** Opening THE INPUT block **

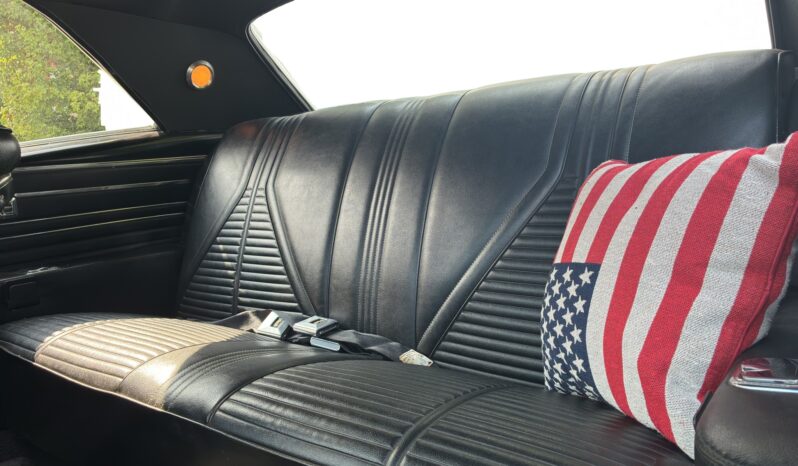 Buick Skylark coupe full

** Closing THE INPUT block **
** Opening THE INPUT block **

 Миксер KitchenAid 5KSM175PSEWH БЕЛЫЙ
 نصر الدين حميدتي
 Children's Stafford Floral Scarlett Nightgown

** Closing THE INPUT block **
** Opening THE INPUT block **

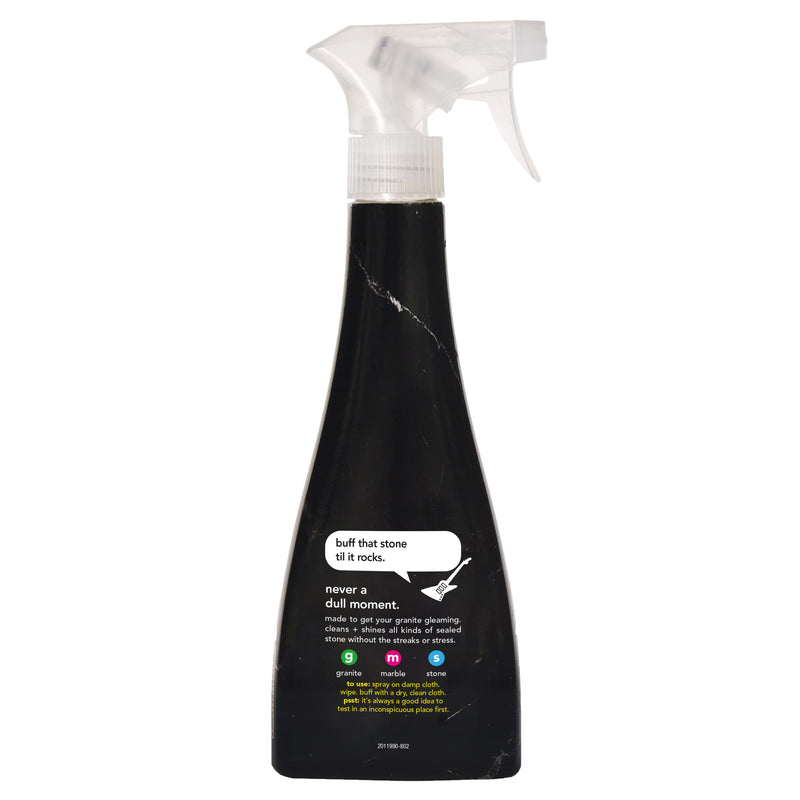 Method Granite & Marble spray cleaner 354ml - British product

** Closing THE INPUT block **

- [EXERCISE AIM]: Of the lines above, extract only those from the line with "Миксер KitchenAid 5KSM175PSEWH БЕЛЫЙ" to the line with "Children's Stafford Floral", both included, exactly as written.

- [PROBLEM SOLUTION]:
 Миксер KitchenAid 5KSM175PSEWH БЕЛЫЙ
 نصر الدين حميدتي
 Children's Stafford Floral Scarlett Nightgown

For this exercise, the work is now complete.